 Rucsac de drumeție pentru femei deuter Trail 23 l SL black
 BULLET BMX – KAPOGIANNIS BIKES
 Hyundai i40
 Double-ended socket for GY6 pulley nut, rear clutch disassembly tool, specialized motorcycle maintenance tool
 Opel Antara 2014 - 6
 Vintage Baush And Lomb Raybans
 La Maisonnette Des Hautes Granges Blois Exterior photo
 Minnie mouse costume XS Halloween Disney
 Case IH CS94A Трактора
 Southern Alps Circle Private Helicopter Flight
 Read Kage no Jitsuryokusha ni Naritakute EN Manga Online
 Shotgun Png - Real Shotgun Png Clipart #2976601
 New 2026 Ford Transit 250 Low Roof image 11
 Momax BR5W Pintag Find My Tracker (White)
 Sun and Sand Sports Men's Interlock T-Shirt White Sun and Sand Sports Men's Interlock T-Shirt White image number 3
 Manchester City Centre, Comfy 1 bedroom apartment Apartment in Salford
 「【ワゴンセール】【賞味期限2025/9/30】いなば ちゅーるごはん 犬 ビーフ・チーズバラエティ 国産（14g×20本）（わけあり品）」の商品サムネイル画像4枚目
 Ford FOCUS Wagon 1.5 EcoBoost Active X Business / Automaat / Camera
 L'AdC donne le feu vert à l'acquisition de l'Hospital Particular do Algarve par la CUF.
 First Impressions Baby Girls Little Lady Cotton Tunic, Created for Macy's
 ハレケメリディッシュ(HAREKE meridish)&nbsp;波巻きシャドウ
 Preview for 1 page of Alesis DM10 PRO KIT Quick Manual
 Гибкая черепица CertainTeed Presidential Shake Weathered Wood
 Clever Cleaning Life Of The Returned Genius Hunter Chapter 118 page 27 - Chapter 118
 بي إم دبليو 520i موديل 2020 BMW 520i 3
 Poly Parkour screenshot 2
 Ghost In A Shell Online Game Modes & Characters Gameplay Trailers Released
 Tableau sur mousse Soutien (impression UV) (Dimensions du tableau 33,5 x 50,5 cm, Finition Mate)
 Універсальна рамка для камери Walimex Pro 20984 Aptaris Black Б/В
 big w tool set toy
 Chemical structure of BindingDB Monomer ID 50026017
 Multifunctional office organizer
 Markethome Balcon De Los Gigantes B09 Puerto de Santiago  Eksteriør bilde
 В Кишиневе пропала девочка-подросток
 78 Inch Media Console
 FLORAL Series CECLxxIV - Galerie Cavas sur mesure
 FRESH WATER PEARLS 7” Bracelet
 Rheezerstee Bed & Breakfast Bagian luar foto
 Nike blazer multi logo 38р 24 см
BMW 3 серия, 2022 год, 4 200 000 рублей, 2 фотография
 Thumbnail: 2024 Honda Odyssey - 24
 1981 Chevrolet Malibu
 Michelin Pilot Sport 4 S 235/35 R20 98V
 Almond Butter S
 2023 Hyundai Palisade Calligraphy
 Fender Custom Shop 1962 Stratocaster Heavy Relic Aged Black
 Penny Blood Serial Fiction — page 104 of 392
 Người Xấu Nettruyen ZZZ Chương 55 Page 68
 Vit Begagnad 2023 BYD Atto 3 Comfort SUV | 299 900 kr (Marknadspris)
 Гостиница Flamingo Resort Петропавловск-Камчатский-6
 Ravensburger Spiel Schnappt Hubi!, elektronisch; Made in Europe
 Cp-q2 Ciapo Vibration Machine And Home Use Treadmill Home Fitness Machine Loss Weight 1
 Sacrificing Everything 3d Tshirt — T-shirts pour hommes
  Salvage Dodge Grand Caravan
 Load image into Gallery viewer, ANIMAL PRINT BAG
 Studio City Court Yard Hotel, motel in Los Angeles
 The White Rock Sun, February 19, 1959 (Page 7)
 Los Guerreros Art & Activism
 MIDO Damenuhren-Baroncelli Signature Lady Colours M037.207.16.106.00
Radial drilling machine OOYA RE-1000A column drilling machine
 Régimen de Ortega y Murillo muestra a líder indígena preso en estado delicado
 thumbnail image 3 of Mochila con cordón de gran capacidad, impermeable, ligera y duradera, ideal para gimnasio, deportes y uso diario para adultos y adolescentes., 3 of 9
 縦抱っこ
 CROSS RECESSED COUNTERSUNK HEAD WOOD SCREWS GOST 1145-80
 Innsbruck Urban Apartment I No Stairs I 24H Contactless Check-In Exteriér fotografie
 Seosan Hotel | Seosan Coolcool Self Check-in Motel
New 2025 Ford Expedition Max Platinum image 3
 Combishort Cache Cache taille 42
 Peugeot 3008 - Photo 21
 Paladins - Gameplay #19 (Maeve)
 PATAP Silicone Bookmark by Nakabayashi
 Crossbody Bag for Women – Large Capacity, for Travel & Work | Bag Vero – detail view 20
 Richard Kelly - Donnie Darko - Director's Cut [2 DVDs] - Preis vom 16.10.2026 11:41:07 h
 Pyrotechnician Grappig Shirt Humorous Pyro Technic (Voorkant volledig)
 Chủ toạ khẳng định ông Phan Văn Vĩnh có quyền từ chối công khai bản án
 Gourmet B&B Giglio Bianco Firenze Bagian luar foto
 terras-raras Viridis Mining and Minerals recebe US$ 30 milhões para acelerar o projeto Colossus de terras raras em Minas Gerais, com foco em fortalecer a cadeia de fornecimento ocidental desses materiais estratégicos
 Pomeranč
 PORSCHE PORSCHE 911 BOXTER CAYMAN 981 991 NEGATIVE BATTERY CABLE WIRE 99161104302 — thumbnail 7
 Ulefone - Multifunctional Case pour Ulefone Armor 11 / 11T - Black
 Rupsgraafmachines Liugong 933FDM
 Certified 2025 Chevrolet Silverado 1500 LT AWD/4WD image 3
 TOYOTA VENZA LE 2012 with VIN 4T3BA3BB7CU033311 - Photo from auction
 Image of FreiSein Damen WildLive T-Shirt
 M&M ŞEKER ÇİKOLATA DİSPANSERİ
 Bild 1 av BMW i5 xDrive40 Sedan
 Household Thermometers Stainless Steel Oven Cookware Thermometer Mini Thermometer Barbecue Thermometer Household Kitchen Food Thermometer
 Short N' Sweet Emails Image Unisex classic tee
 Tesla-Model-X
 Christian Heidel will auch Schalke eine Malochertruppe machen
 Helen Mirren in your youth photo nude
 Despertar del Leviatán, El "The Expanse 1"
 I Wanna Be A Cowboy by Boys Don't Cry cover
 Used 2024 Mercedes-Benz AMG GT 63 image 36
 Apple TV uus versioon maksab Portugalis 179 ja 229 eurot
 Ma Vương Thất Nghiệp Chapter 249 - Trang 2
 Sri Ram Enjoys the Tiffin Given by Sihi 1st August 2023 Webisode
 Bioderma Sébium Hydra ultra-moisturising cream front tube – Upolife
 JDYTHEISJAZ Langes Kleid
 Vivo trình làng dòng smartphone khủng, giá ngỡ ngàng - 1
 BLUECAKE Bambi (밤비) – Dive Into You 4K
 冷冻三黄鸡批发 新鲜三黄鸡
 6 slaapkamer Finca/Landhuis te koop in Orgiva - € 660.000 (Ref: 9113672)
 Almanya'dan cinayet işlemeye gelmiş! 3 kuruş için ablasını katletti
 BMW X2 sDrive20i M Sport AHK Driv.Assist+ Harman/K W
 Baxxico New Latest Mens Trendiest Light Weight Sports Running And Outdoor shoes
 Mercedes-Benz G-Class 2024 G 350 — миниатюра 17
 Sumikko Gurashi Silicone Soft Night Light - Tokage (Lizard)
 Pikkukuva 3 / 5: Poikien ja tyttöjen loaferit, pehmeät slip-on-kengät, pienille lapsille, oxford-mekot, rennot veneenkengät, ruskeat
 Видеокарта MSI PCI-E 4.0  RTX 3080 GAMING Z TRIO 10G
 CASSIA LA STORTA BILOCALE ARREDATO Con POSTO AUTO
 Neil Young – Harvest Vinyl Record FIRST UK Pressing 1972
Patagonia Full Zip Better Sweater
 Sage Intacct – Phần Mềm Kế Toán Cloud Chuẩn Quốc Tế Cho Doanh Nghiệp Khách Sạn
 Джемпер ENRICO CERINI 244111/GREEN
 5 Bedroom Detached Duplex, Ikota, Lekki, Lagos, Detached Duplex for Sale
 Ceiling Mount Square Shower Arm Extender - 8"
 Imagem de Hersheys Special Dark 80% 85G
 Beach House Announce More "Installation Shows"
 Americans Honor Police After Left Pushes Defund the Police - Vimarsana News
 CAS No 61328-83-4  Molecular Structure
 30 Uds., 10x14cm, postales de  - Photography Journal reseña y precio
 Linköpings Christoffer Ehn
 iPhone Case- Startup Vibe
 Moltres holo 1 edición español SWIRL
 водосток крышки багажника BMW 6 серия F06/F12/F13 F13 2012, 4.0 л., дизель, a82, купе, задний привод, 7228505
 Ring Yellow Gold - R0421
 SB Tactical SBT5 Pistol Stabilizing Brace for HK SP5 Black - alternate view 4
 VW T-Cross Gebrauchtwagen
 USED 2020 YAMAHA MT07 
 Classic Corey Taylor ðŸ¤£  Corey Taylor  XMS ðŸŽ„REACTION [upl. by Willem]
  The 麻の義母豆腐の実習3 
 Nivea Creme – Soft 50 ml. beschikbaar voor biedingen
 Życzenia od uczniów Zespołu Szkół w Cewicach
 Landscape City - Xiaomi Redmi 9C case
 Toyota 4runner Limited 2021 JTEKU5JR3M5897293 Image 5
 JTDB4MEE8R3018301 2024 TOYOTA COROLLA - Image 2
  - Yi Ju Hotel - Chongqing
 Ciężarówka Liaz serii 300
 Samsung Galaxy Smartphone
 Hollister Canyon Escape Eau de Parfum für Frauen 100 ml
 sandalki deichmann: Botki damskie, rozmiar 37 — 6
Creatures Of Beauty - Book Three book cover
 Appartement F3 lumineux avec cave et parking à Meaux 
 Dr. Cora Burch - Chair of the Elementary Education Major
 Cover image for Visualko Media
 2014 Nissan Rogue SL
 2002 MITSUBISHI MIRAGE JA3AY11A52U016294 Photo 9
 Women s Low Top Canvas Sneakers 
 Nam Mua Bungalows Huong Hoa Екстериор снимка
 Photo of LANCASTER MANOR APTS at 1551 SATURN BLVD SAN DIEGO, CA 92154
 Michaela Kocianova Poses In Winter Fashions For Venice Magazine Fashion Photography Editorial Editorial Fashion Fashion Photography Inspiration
---
→ Work item
In the records above, the line with "Vivo trình làng" marks the start and the line with "Sumikko Gurashi Silicone" marks the end; copy that stretch exactly, both lines included, and nothing else.

→ Response
 Vivo trình làng dòng smartphone khủng, giá ngỡ ngàng - 1
 BLUECAKE Bambi (밤비) – Dive Into You 4K
 冷冻三黄鸡批发 新鲜三黄鸡
 6 slaapkamer Finca/Landhuis te koop in Orgiva - € 660.000 (Ref: 9113672)
 Almanya'dan cinayet işlemeye gelmiş! 3 kuruş için ablasını katletti
 BMW X2 sDrive20i M Sport AHK Driv.Assist+ Harman/K W
 Baxxico New Latest Mens Trendiest Light Weight Sports Running And Outdoor shoes
 Mercedes-Benz G-Class 2024 G 350 — миниатюра 17
 Sumikko Gurashi Silicone Soft Night Light - Tokage (Lizard)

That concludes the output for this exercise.